Cawthorn also responded to an audience question about mandated prayer in schools — a policy that he supports.
“I don’t think it has to be a mandated Christian prayer — I believe there should be a time for prayer and you can pray to whatever God you choose,” Cawthorn said. “I do not believe that we should create an atheist culture — I think it leads to debauchery, and I think it leads to a spiritual poverty within the soul.”
James Eiler ’25, said that he did not think Cawthorn was a “good person,” but he thought the congressman “spoke well.”
Cocchiarella said he thought that Sunday’s event would be the “perfect setting” to hold the panelists “accountable.” He added that he thought the moderators asked “some pretty softball questions,” so he wanted to confront the panelists directly.

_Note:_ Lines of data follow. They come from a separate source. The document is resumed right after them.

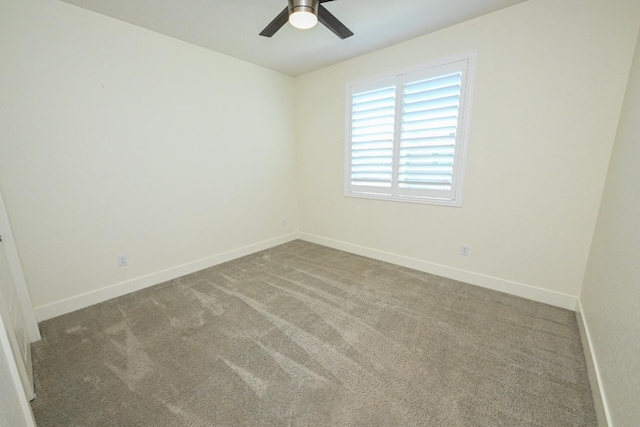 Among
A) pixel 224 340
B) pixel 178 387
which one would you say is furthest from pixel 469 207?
pixel 178 387

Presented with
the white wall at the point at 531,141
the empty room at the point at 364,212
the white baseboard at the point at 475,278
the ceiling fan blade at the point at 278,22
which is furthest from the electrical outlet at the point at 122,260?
the white wall at the point at 531,141

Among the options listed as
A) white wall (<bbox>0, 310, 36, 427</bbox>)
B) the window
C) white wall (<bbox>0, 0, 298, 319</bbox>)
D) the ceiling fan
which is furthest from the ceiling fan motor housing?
white wall (<bbox>0, 310, 36, 427</bbox>)

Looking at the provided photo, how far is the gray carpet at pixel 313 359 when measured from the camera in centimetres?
130

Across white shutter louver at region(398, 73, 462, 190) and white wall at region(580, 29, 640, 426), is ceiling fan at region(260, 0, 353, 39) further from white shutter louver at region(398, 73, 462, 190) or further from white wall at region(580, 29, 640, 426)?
white wall at region(580, 29, 640, 426)

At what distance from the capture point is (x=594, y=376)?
55.6 inches

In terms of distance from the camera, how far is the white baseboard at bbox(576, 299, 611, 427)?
1.19 metres

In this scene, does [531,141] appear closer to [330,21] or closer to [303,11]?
[330,21]

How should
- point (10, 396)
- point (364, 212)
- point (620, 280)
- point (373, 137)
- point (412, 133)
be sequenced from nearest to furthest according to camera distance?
point (10, 396) → point (620, 280) → point (412, 133) → point (373, 137) → point (364, 212)

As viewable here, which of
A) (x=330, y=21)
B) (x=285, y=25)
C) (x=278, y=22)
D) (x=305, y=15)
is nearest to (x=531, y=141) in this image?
(x=330, y=21)

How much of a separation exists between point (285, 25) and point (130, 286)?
303 centimetres

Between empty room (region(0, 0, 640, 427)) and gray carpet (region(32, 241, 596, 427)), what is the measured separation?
0.02m

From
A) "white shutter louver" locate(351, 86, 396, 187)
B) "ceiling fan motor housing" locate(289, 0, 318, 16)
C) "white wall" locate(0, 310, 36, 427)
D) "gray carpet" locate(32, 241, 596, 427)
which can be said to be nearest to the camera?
"white wall" locate(0, 310, 36, 427)

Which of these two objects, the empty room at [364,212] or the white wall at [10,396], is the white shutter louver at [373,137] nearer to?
the empty room at [364,212]

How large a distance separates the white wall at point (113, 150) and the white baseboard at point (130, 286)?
0.04 ft
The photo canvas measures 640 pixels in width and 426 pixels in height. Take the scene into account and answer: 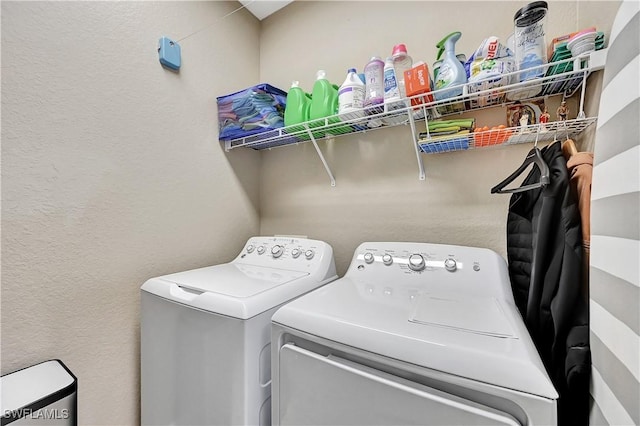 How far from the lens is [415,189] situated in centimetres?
147

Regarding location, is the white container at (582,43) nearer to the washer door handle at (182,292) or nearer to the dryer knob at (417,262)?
the dryer knob at (417,262)

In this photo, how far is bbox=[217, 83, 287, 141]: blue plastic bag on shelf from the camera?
1.54 meters

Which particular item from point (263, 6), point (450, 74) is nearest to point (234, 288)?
point (450, 74)

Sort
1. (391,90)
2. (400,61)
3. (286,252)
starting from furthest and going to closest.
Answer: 1. (286,252)
2. (400,61)
3. (391,90)

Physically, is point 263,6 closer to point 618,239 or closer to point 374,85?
point 374,85

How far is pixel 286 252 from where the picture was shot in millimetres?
1474

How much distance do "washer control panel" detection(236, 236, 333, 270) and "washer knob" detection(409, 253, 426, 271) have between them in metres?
0.43

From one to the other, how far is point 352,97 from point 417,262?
0.82 metres

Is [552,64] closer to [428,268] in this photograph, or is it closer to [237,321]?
[428,268]

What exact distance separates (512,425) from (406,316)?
31 centimetres

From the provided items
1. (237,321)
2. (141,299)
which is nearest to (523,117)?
(237,321)

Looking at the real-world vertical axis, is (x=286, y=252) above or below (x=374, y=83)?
below

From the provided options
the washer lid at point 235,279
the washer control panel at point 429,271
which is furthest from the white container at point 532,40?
the washer lid at point 235,279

Blake McGill ’22 said that she initially “advocated fervently” for the panelists’ right to speak but found Cawthorn’s statements to be “deflating.”
“It made me feel even more disenfranchised, from a party that I always thought I would be part of,” McGill said. “It is pretty frustrating to me, because I saw glimmers of hope in working across the political aisle, but it is pretty obvious to me that the future of the Republican Party is an anti-intellectual one.”
Outside of the event, a group of student protesters at least 50 strong wrote chalk slogans on the ground, held signs and shouted slogans, including “Fascists, go home,” and “Whose campus? Our campus.” During the event, multiple students walked out or shouted at the panelists.
Dartmouth’s chapter of the Young Democratic Socialists of America, alongside the Afro-American Society and CoFIRED student groups and the “Black Praxis” and “Dartmouth Radical” student publications, helped to organize the protest, according to co-chair Ian Scott ’24.
He said that the protest had “good turnout,” and that its goal was to promote an alternative to the conservative ideology of the panelists. Scott added that the group decided not to attend the event itself. Instead, according to YDSA secretary Kaya Colakoglu ’24, the outdoor protest involved student speakers who aimed to reorient the conversation from “aloof” national politics to local issues.
“We feel that these speakers, particularly Madison Cawthorn, bring hateful ideas to our campus that should not be spread,” Scott said.
Antony Smith, a volunteer on Leavitt’s campaign, said that a roundtable campaign event last week at the University of New Hampshire did not see protests.
In an interview after the event with The Dartmouth, Leavitt said that she appreciates that those who disagree with Cawthorn’s and her beliefs attended the event.
“I think it’s great — we need to exercise our First Amendment rights,” she said. “I think civil discourse is great for our country — that’s what America is built on.”
Leavitt, who, if elected, would be the youngest woman ever elected to Congress, added that Dartmouth students should know they are “never too young to run for office.”
Blake McGill is a former member of The Dartmouth staff.